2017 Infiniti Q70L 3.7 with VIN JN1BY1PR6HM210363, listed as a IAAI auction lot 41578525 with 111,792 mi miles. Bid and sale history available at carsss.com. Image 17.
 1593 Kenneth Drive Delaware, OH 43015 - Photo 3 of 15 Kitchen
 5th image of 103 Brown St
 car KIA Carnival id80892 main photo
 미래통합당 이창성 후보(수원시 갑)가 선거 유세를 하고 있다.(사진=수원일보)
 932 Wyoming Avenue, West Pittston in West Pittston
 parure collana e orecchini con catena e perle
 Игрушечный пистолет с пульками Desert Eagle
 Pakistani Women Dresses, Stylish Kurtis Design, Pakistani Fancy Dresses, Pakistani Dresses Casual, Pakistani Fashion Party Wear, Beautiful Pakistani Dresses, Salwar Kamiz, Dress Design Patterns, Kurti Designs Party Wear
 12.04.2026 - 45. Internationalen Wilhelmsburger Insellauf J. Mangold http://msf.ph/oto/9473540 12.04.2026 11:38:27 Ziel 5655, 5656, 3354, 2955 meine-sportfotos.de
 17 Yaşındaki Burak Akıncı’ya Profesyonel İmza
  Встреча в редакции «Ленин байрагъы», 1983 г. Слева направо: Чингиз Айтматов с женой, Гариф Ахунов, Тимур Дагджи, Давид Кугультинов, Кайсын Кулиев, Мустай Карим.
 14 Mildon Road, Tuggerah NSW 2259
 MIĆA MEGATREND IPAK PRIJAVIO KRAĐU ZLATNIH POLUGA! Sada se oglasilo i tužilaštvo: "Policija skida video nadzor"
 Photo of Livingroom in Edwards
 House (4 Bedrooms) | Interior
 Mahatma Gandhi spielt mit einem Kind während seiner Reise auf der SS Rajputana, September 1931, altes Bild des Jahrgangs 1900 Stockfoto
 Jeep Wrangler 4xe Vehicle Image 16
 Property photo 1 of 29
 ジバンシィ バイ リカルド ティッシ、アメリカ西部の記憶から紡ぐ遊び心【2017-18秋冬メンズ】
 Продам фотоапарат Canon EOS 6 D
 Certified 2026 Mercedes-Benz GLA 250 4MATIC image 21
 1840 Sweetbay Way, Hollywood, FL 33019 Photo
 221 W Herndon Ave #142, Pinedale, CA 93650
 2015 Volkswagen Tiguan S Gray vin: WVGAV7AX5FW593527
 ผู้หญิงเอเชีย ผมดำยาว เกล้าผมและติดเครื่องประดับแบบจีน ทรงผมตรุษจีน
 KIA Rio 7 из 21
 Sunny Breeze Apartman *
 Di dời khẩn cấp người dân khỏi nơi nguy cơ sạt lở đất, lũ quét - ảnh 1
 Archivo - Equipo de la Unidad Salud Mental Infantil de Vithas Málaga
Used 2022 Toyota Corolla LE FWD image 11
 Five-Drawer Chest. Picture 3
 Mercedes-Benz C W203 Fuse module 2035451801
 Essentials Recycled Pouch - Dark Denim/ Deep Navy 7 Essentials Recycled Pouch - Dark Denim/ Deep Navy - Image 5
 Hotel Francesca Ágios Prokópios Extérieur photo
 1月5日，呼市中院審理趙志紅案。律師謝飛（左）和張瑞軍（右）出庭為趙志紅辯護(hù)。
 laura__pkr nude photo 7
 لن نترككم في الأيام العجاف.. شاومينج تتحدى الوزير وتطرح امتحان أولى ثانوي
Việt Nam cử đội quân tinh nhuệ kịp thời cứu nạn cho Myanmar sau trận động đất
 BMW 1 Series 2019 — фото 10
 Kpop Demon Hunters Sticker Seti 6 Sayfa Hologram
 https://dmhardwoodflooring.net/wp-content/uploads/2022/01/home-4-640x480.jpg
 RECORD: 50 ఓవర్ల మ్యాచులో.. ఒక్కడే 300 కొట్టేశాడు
__________
Problem to solve
Go through the material and copy each line in which the word "Benz" occurs.

Solution to the exercise
 Certified 2026 Mercedes-Benz GLA 250 4MATIC image 21
 Mercedes-Benz C W203 Fuse module 2035451801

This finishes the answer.